05 novembro 2013

"Economia, ciência ou nem por isso?"

Miguel Pimentel, num artigo no público expressa as dúvidas crescentes sobre o estatuto da ciência (?) económica.

Os economistas gostariam de ser "cientistas", descobrindo soluções através de leis retiradas da observação... mas isso daria lugar a uma espécie de determinismo social. Quantas mais dúvidas existenciais aparecem nos economistas sobre os óbvios problemas do empirismo como método epistemológico, decorrentes de tratar a economia de forma análoga à ciência natural, mais um dia ficarão surpreendidos com a praxeologia de Mises... quando a descobrirem. Já vi muitos que o leram e não descobriram.

Como diz Hoppe:
"Mas diferentemente de Kant, Mises não tem um interesse específico na epistemologia. Com seu reconhecimento de que a ação é o elo de ligação entre a mente e a realidade exterior, ele encontrou a solução do problema Kantiano de como é possível a existência de proposições sintéticas a priori verdadeiras." 
O facto do homem agir pressupõe um ponto de partida e um ponto de chegada, meios e tempo (daí a dedução que em condições iguais preferirá mais do que menos, ou preferirá o mesmo fim com menos meios, e preferirá antes do que depois, e se assim é valorizará algo antes acima de depois [taxa de juro], etc.).
"A tentativa de refutar o axioma da ação seria ela mesma uma ação que visa um objetivo, que requer meios, que exclui outros cursos de ação, que incorre em custos, que sujeita o agente à possibilidade de alcançar ou não alcançar o objetivo desejado e assim conduzindo a um lucro ou a um prejuízo."
Não estamos aqui a falar do paradigma do "homem racional utilitarista e eficientista", mas da acção propositada, cujos fins e meios são escolhidos pela sua preferência subjectiva, sendo este "subjectivo" não um termo "relativista" mas sim o que expressa o carácter único de cada ser humano.

É algo divertido a tentativa constante de julgar a economia no paradigma do determinável ou ainda que fosse meramente probabilístico. se fosse probabilístico seria igualmente determinista.
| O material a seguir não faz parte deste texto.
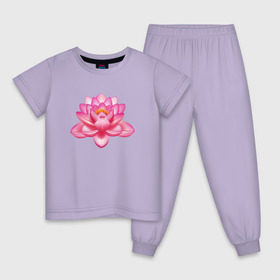 Детская пижама хлопок с принтом Индийский Лотос , 100% хлопок |  брюки и футболка прямого кроя, без карманов, на брюках мягкая резинка на поясе и по низу штанин
 | Тематика изображения на принте: индийский | йога | лотос | цветок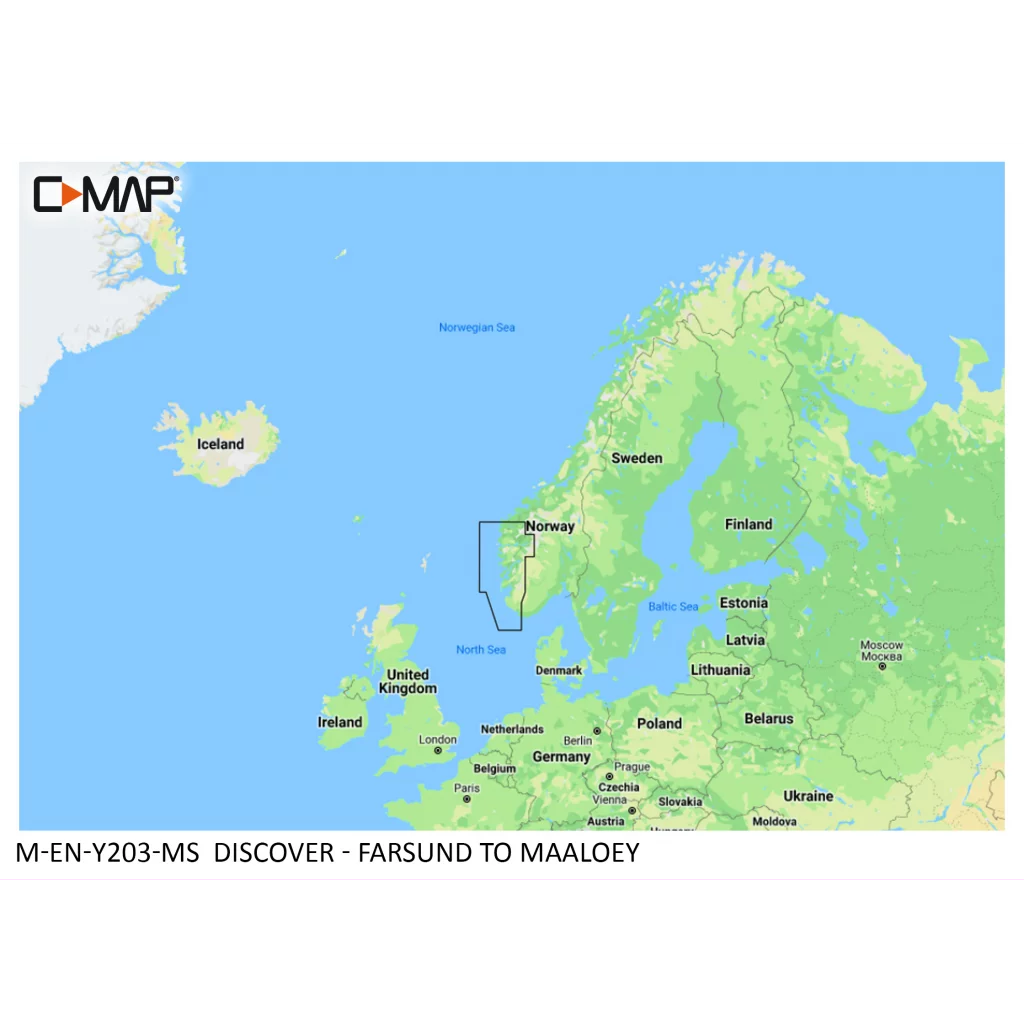 C-Map Discover Farsund til Måløy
Ainda Hoppe:
"A história social, diferentemente da história natural, não produz nenhum conhecimento que possa ser usado para propósitos preditivos. Mais propriamente, a história social e a econômica se referem exclusivamente ao passado. O resultado de uma pesquisa sobre como e porquê as pessoas agiram no passado não tem nenhuma influência sistemática sobre se as pessoas irão ou não irão agir do mesmo modo no futuro. As pessoas podem aprender. É um absurdo assumir que alguém poderia prever no presente o que alguém irá saber amanhã e de que maneira o conhecimento de amanhã será ou não será diferente do de hoje."
Exemplo:
"Pegue, por exemplo, a teoria quantitativa da moeda — a proposição praxeológica de que se você aumentar a quantidade de moeda e a demanda [procura] por moeda continuar constante, então o poder de compra da moeda irá decrescer. Nosso conhecimento a priori sobre as ações em si nos informam que é impossível prever cientificamente se a quantidade de moeda será aumentada, diminuída ou deixada igual. Nem é possível prever cientificamente se, independente do que aconteça com a quantidade de moeda, a demanda por moeda a ser mantida em encaixes irá aumentar, diminuir ou permanecer a mesma. Não podemos afirmar que somos capazes de prever tais coisas porque não podemos prever as futuras condições de conhecimento das pessoas. "
Ou seja, é universalmente verdade que:
"se você aumentar a quantidade de moeda e a demanda [procura] por moeda continuar constante, então o poder de compra da moeda irá decrescer"
Mas não existe experiência alguma possível de validar ou refutar esta afirmação. O campo de saber o que vai acontecer aos preços tendo em conta as variações da quantidade de moeda e a sua procura é uma função empresarial e esta é largamente o campo da adivinhação, ou seja, do empreendedor como um especulador sobre a realidade social. O empreendedor não é um economista e a ciência económica nunca conseguirá abarcar o empreendedorismo.

9 comentários:

Ricciardi disse...

Junte duas pessoas. Coloque-as perante uma decisao para fazer.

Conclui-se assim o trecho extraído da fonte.